Procurement and pricing: Nepra revises framework for imported coal
ISLAMABAD: National Electric Power Regulatory Authority (Nepra) has finalised a comprehensive review of the mechanism for procurement and pricing of imported coal, introducing significant changes aimed at aligning tariffs with market realities, ensuring energy security, and addressing long-standing concerns of independent power producers (IPPs).
The revised framework, issued after detailed deliberations with stakeholders, consultants, and international market experts, modifies earlier decisions of 2016 and reflects evolving dynamics in global coal markets, currency volatility, and operational challenges faced by coal-based power plants.
A central feature of the new mechanism is the continued reliance on internationally recognised coal price indices, with refined application criteria for different coal origins and calorific values. For South African coal, the regulator has maintained the API-4 index as the benchmark but has allowed the use of published price differentials for coal with calorific value (CV) below 5,850 kcal/kg. This decision acknowledges market practices where lower-grade coal trades at discounts relative to the API-4 benchmark.
Stakeholders, particularly power producers, had raised concerns over the application of these differentials, arguing that long-term coal supply contracts often differ from spot market transactions and include factors such as reliability, penalties, and supply security.
However, the Authority concluded that the use of differentials better captures the true market value of varying coal grades and enhances transparency in tariff determination.
For Indonesian coal, the Authority has reaffirmed the use of the ICI (Indonesian Coal Index) series, rejecting proposals to adopt blended indices such as averages of Argus and McCloskey benchmarks. After reviewing submissions from consultants, IPPs, and index providers, it was decided that ICI-2, ICI-3, ICI-4, and ICI-5 would remain the applicable benchmarks depending on coal quality.
This reflects the widespread acceptance of ICI indices in international markets and their endorsement by the Indonesian government and industry participants.

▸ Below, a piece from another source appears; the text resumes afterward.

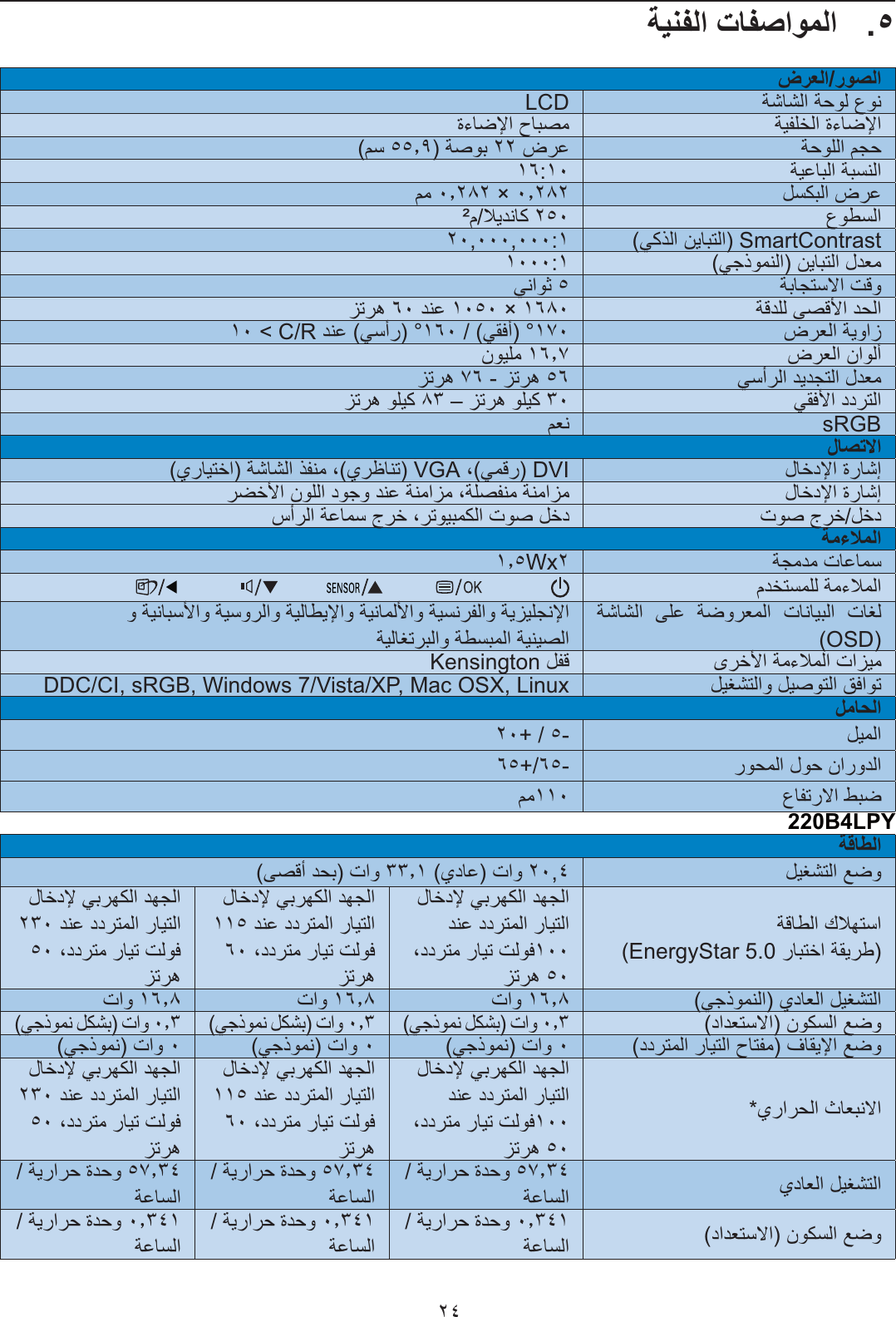 Philips 2b4lpcs 01 Philips 2b4l Edfu Arabic 1625 User Manual Bedienungsanleitung 2b4lpcs 01 Dfu Ara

The authority noted that although alternative indices such as M50 and M42 are used in certain markets, the price differences between these and ICI indices are minimal over time. Maintaining consistency with ICI benchmarks was therefore considered more practical and aligned with prevailing procurement practices of Pakistani IPPs.
Regarding Australian coal, the revised mechanism introduces a more nuanced approach by linking index selection to coal quality. The globalCOAL Newcastle (gC NEWC) index will be used for higher-grade coal above 5,850 kcal/kg, while the API-5 index will apply to lower-grade coal. Additionally, appropriate discounts and price differentials will be applied for coal falling below standard specifications.
This change reflects the diversity of coal grades imported from Australia and aims to ensure that pricing accurately reflects quality variations. The Authority also acknowledged the volatility of the gC NEWC index, particularly during seasonal demand fluctuations, and incorporated safeguards through discount mechanisms.
Another critical issue addressed in the revised framework is the treatment of exchange rate fluctuations. IPPs have long argued that the existing practice of using the average exchange rate of the month of the Bill of Lading (B/L) exposes them to significant financial losses, especially in periods of rapid currency depreciation. Several companies reported billions of rupees in losses due to the gap between the allowed and actual exchange rates at the time of payment.
After reviewing these concerns, the Authority has allowed the use of the actual exchange rate applied at the time of retirement of Letters of Credit (LC) or settlement of payments. However, to protect consumers from inefficiencies or payment delays, this allowance is capped at a maximum of 35 days from the B/L date. If payment occurs after this period, the exchange rate prevailing on the 35th day will be considered applicable. This compromise seeks to balance the interests of power producers and consumers by ensuring cost recovery while discouraging delays in payment processing.